Dusk always seems to come earlier on a rainy day, and I feel inexplicably tired. I had expected to get to the ferry port today, but I left late and… and, well, whatever. I’m tired. I’m a little cold. I don’t feel great. I ride through the floodwaters that cut the town in half, then start ducking down side streets, asking for prices at the homestays.
One of them charges 25,000 rupiah – nearly $25 Australian – but when I turn to leave, the price drops dramatically. It’s rainy season and they don’t have many guests.
I feel a little bad, because I hadn’t meant to beat them down on price; it’s not the proprietor’s fault that I’m unemployed and penniless, and honestly, the place is far too nice for hobos like me. But they insist, and I accept. And it’s beautiful. There are flowers in the garden, fresh white sheets, and flower petals on the bed. My outdoor shower is not hot, but it is warm. It’s beautiful.
* * *
After I’ve covered and secured the bike, I walk into town and find a cheap warung, buy stir fried vegetables and rice for dinner. Later, I walk back along the road, see people drinking beer. I want one so badly. I buy myself a small Bintang, and ask to sit at a long table with some relaxed-looking Europeans. They are here to scuba dive, and they graciously accept me into their circle. The night ends with long conversation into the night in the bar of their hotel across the road. We bond over metal music festivals, diving and beers. It’s a treat, and a welcome relief from the space inside my head.
* * *
The next morning, I go for my breakfast. The proprietor’s husband is there, waiting to cook for the few guests who might show up. He asks me if I would like sarapan, and I am confused: makan pagi, I ask him? He smiles broadly and explains; it turns out that both terms mean ‘breakfast’, and so I add another word to my vocabulary. This is how I learn bahasa Indonesia.
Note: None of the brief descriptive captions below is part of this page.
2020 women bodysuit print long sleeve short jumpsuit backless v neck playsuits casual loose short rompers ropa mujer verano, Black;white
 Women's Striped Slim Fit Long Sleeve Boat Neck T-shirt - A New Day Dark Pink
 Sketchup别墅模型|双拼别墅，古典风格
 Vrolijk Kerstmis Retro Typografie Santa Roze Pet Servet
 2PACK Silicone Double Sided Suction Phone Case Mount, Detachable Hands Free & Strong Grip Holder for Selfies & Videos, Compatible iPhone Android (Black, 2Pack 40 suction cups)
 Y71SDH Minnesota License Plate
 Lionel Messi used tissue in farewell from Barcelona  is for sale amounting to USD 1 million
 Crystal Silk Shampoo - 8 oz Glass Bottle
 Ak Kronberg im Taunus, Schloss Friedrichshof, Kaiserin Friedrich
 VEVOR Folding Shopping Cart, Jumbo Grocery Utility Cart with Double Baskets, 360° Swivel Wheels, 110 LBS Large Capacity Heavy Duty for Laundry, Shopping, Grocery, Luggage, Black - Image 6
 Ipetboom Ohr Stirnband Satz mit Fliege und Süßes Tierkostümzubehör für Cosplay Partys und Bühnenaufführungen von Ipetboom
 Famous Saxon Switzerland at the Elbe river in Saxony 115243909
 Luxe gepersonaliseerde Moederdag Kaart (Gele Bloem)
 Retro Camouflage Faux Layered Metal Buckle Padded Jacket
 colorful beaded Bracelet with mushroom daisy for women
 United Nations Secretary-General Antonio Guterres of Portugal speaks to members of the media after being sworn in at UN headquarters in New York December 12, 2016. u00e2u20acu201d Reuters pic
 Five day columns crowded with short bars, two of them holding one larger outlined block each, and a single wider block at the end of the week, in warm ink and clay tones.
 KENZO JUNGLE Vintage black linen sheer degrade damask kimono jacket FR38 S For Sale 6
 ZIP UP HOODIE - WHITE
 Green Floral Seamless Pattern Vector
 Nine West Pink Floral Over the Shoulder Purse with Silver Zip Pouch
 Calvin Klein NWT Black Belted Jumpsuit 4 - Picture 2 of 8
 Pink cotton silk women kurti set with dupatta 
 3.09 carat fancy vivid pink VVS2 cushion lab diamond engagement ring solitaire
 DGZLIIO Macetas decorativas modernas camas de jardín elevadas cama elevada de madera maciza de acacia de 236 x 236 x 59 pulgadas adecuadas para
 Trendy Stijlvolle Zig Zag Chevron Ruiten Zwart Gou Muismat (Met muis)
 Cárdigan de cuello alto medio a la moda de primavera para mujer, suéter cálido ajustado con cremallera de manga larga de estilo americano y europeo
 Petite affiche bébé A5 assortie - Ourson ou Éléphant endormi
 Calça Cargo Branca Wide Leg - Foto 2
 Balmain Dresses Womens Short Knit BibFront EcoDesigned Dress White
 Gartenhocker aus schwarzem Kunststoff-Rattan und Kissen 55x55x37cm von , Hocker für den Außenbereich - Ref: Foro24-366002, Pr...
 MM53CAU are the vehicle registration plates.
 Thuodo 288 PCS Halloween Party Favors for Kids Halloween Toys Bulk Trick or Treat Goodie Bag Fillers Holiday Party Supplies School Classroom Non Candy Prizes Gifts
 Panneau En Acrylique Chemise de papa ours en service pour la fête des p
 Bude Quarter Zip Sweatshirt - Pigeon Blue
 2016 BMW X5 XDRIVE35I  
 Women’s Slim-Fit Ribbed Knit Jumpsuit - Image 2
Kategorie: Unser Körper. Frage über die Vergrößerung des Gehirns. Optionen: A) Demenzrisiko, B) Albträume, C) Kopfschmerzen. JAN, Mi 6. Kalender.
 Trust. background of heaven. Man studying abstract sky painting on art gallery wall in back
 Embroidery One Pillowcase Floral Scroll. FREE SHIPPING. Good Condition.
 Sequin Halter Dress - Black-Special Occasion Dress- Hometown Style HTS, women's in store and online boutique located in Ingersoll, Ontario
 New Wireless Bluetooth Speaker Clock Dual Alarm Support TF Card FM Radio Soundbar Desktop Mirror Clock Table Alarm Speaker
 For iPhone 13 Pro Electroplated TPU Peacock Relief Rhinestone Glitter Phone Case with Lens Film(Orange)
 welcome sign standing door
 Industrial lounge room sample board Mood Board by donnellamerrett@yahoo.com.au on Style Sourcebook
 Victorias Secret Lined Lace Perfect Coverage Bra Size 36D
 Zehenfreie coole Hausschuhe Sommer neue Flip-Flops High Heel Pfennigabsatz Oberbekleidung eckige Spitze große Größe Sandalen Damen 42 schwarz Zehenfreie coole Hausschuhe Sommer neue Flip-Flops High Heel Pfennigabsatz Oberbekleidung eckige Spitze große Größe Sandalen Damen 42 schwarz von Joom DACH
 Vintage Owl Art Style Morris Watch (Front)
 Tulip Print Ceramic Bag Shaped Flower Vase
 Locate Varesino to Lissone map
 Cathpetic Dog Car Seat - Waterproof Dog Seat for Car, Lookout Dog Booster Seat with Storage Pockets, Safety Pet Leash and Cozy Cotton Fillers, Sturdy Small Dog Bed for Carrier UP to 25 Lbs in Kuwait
When I finish breakfast, it’s after 10am and I feel so tired, still. I ask if I can stay another day; yes, of course.
Great. I go back to my room and cry for a long time.
* * *
Later, I decide that I haven’t been eating enough, which probably isn’t helping my emotional state. Food in Bali – in places where there are tourists – is relatively expensive, so I don’t buy too much of it. But that’s false economy if you feel sick and cry every day. So I go down the road and buy myself chicken, and vegetables, and then fried bananas for desert, and another beer.
I immediately feel better.
* * *
The next day, I pack everything back on the bike. It’s expanded again, in tortuous defiance of physics. But the sun is shiny, the last stretch to the ferry terminal is beautiful smooth tarmac, winding through jungle.
I only have a short time to wait for the next ferry; I park under the shade of a palm tree, and take a photograph of the blue sky.
I’m at the edge of Bali, and my spirits are light.